Blog Post

AI - Azure AI services Blog
4 MIN READ

Easily add voice commands to your apps with Custom Commands

Vishesh Oberoi's avatar
Jul 08, 2020

Voice-enabled assistants—that enable users to search, ask questions, complete tasks, and much more—have been gaining increasing momentum and becoming integrated into consumer’s daily lives. Voice enables more seamless, natural interfaces, providing a more intuitive way of interacting with technology. In our current environment, voice and contactless experiences will play an increasingly important role, with the United States alone already seeing a 20 percent increase in preference for contactless operations (McKinsey 2020).

 

We saw some of this vision at Microsoft Build 2020 earlier this year where CTO Kevin Scott discussed emergent trends on the path to reshape software development, including the convergence of physical and digital worlds. One example centered around voice tech for food delivery, in which Boston Dynamics’ Spot robot completed curb-side deliveries using voice interaction.

 

 

We are committed to enabling developers and designers to build innovative voice-enabled solutions.

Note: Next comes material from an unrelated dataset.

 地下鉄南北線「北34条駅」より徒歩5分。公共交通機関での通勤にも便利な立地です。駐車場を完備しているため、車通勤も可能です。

To help make it easier to build voice commanding applications, today, we’re excited to announce the general availability of Custom Commands. Custom Commands is a capability of Speech in Azure Cognitive Services, that streamlines the process for creating task-oriented voice applications, providing a unified authoring experience with relatively lower complexity, helping you focus on building the best solution for your voice commanding scenarios.

 

Voice applications such as voice assistants listen to users and take an action in response. They involve transcribing the user's speech, taking action on the text using natural language processing, and using voice to respond with text-to-speech. Custom Commands brings together the best of Speech and Language in Azure Cognitive Services—Speech to Text for speech recognition, Language Understanding for capturing spoken entities with speech adaptation, and voice response with Text to Speech, to accelerate the addition of voice capabilities to your apps iteratively and with low-code authoring experience.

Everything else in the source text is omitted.